The magnolia tree is prized for its fragrant, showy flowers and glossy green foliage. It’s attractive appearance makes it easy to see why this is one of the most popular plants amongst floral and ornamental gardeners.
Prized for their large flowers, some varieties come into flower before they have produced any foliage for the year. This helps to bring early season color, as well as structure and height to a garden.
The magnolia tree is also very popular with bees, meaning it is a great way to bring pollinators into your garden. Once flowering has finished, attractive cone-like fruits decorated with brightly colored seeds emerge. These are known to attract birds to your garden.
Elegant and attractive the magnolia tree is a reliable addition to a garden of any size.
The largest varieties can have a spread of up to 40ft making them a useful shade plant. Compact or shrubby cultivars are attractive additions to borders or as an ornamental plant.
Here is everything you need to know about growing the attractive magnolia tree.
Different Varieties of Magnolia Tree
Depending on the variety, the magnolia is hardy in USDA zones 4 to 9. While some varieties are deciduous others are evergreen. Depending on the cultivar the size of the plant ranges from fairly compact 15 ft shrubs to trees in excess of 80 ft.
Deciduous varieties flower in early spring, before the foliage appears. The flowers emerge from pussy-willow like buds. These buds are set the previous year and remain on the tree throughout the fall and winter.
Evergreen varieties flower profusely as spring turns to summer. The tree may flower for a second time in late summer or early fall. It is also not unusual for the plant to flower sporadically throughout the year.
Depending on the cultivar you are growing, the large tulip or star shaped flowers come in shades of yellow, white, pink and purple. Some varieties even produce attractive double blossoms. Many are sweetly fragrant.
The grandiflora cultivar is one of the most reliable and resistant cultivars to grow. It is also pleasingly problem free.

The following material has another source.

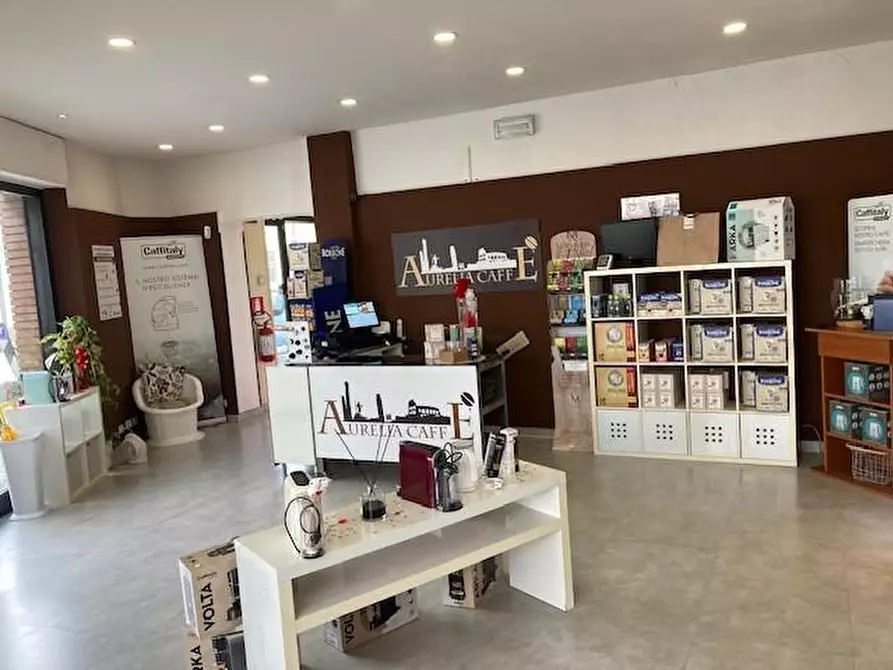 Immagine 1 di Locale commerciale in affitto  a Cascina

One of the most reliable cultivars is the grandiflora variety. Also known as the Southern Magnolia this is possibly the best known of all the magnolia tree varieties.
Southern Magnolia is one of a number of cultivars that are native to the United States. Growing native species is often easier than growing non-native species because they are better suited to the local climate.
The native species are:
- Ashe’s Magnolia
- Bigleaf Magnolia
- Cucumber tree
- Southern Magnolia (Grandiflora)
- Star Magnolia
- Sweetbay Magnolia
- Umbrella Magnolia
Additionally the Saucer and Loebner cultivars are both hybrids. While they are not native to the United States they are suited to growing in this climate.

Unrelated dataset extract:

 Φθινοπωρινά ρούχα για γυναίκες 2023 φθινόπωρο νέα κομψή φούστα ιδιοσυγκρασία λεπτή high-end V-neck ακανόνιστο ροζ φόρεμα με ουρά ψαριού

When to Plant a Magnolia Tree
Plant evergreen varieties in early spring.
Deciduous varieties are best planted in the fall in the south. In the north, plant deciduous cultivars in the spring.
Whenever you plant your magnolia, it is best done when the plant is dormant. This is because there is less chance of the shallow root system becoming damaged if you plant when it is dormant.
If you purchase the plant in the summer remove the packaging and place the container in a sunny position. Keep the soil moist and plant in the fall when the plant is dormant.
Choosing the Right Location
Choose your site carefully. The magnolia tree has a wide-spread. The plants also have a shallow root system, this can be damaged when transplanting.
Evergreen varieties do best in full sun. Deciduous cultivars prefer partial shade. If you are in a region where frost may strike after the plants begin to flower, plant in a protected or sheltered position.
Plant in rich, well draining soil. These plants tolerate sandy, loamy and clay soils as long as drainage is good. Before planting work in organic matter such as leaf mold or compost. This enriches the soil as well as improving drainage.
These plants prefer soil that is slightly acidic soil. If you are unsure what type of soil you have, why not invest in a soil test kit? This is an easy way to discover the makeup of your soil, helping you to create the ideal growing conditions for your plants.
How to Plant
Water thoroughly an hour before planting.
Dig a hole that is about twice the width of the container currently holding the plant. If the soil is of a poor quality work in compost or organic matter. This improves the soil and helps the root system to develop.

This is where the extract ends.